In May 2011, The Guardian described Amina Abdallah Arraf al Omari, the writer behind the blog Gay Girl in Damascus, ‘an unlikely hero of revolt.’
Within a month, she had reportedly been kidnapped by three armed men. Except she never really existed. Her blog was written 2,500 miles away, in Edinburgh, by a married, middle-aged American called Tom MacMaster.
Omar El-Khairy’s semi-verbatim play unpicks the ethical ramifications of all this with flashes of searing intelligence. Would the blog have gained notoriety without its titillating style? How big can a little white lie grow before it does damage? Can social networks really force social change or are they too prone to manipulation?
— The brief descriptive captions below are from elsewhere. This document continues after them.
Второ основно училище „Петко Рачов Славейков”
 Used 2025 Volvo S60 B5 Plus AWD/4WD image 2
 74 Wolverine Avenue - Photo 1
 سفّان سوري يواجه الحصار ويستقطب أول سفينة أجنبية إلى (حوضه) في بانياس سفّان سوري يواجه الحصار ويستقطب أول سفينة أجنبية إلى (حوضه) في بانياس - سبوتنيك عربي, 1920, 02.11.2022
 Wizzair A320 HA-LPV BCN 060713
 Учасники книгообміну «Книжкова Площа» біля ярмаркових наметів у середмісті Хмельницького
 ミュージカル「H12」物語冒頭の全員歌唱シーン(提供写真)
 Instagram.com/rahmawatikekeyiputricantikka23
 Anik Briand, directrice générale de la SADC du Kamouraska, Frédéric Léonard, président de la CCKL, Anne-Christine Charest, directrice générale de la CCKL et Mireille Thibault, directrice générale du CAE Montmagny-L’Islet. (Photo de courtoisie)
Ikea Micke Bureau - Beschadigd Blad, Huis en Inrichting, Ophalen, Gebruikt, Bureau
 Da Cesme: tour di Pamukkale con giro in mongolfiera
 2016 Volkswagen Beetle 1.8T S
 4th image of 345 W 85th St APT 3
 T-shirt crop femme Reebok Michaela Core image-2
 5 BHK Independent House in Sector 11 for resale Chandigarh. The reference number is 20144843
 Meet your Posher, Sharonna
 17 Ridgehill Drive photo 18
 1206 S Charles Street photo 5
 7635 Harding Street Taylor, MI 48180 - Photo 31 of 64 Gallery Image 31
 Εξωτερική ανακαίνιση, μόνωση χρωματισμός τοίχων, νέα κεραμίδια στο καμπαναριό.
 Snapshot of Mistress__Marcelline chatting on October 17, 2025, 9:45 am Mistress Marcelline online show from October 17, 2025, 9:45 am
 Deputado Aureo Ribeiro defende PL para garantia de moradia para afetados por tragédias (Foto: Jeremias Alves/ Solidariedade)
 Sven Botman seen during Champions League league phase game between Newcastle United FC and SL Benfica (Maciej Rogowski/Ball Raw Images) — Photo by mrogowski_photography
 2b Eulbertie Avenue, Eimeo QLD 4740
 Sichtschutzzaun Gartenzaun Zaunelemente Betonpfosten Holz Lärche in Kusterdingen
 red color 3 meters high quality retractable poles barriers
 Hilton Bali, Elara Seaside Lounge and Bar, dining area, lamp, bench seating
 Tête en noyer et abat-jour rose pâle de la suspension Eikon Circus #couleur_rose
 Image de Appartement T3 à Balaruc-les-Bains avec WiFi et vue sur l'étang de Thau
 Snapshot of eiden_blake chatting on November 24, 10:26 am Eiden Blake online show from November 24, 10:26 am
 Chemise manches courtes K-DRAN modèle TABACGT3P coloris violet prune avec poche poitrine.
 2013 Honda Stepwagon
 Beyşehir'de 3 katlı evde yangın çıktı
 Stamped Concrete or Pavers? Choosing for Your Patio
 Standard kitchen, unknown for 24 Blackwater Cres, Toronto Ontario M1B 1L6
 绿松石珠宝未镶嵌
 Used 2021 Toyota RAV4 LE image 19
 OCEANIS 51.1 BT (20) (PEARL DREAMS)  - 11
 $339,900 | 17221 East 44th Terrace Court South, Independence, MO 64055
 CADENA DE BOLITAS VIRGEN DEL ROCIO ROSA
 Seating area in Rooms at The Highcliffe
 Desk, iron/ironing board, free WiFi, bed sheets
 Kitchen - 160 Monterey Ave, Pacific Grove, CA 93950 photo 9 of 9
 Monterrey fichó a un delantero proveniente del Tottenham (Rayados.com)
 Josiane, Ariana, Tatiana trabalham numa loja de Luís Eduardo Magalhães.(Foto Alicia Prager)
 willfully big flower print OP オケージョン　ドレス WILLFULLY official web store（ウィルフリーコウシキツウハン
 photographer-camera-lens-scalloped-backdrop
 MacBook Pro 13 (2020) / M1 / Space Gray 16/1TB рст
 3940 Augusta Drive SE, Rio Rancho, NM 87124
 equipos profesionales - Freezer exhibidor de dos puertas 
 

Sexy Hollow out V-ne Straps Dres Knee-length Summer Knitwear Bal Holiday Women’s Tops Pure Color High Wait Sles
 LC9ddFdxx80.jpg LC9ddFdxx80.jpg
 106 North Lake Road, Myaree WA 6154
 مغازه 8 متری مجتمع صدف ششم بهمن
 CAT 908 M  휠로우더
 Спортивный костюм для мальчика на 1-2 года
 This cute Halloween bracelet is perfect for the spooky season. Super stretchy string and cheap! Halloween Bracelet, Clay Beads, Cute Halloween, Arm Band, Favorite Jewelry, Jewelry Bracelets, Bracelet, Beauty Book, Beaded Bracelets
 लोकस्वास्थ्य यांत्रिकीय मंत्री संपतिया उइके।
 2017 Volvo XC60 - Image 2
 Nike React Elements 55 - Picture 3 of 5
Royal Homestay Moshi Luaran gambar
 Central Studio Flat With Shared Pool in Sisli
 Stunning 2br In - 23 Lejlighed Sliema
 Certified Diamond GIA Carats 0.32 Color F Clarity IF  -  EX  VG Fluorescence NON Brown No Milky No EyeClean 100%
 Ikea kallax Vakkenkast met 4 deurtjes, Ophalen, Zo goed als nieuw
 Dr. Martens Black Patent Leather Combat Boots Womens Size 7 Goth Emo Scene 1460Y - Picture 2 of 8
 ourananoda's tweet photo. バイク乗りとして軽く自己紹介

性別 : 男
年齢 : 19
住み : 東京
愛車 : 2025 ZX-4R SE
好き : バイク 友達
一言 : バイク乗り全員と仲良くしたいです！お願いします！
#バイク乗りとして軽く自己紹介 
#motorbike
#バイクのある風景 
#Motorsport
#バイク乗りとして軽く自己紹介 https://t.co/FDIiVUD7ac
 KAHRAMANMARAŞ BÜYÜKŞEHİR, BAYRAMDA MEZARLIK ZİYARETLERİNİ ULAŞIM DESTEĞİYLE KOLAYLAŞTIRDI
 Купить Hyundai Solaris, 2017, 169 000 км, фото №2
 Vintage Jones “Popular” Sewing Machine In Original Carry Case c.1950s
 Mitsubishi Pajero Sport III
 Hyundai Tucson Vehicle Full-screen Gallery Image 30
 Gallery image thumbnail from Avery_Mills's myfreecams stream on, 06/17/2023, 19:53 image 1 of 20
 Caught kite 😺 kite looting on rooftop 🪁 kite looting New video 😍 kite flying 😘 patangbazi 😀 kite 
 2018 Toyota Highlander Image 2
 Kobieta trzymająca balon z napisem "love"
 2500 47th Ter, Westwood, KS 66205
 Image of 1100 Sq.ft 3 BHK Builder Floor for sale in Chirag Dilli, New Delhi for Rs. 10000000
As a piece of theatre, however, it’s all a bit shambolic. Despite Florence McHugh’s classy design, the agitprop style – always telling, never showing – leaves ‘Sour Lips’ lumpen and flat, stuck in a realm of ideas, not of narrative.
In attempting to preserve ambiguity – Simon Darwen is suavely enigmatic as MacMaster – El-Khairy forgets to give us the basics and for every incisive argument, there’s another that tips into academic jargon (technical fundamentalism, anyone?)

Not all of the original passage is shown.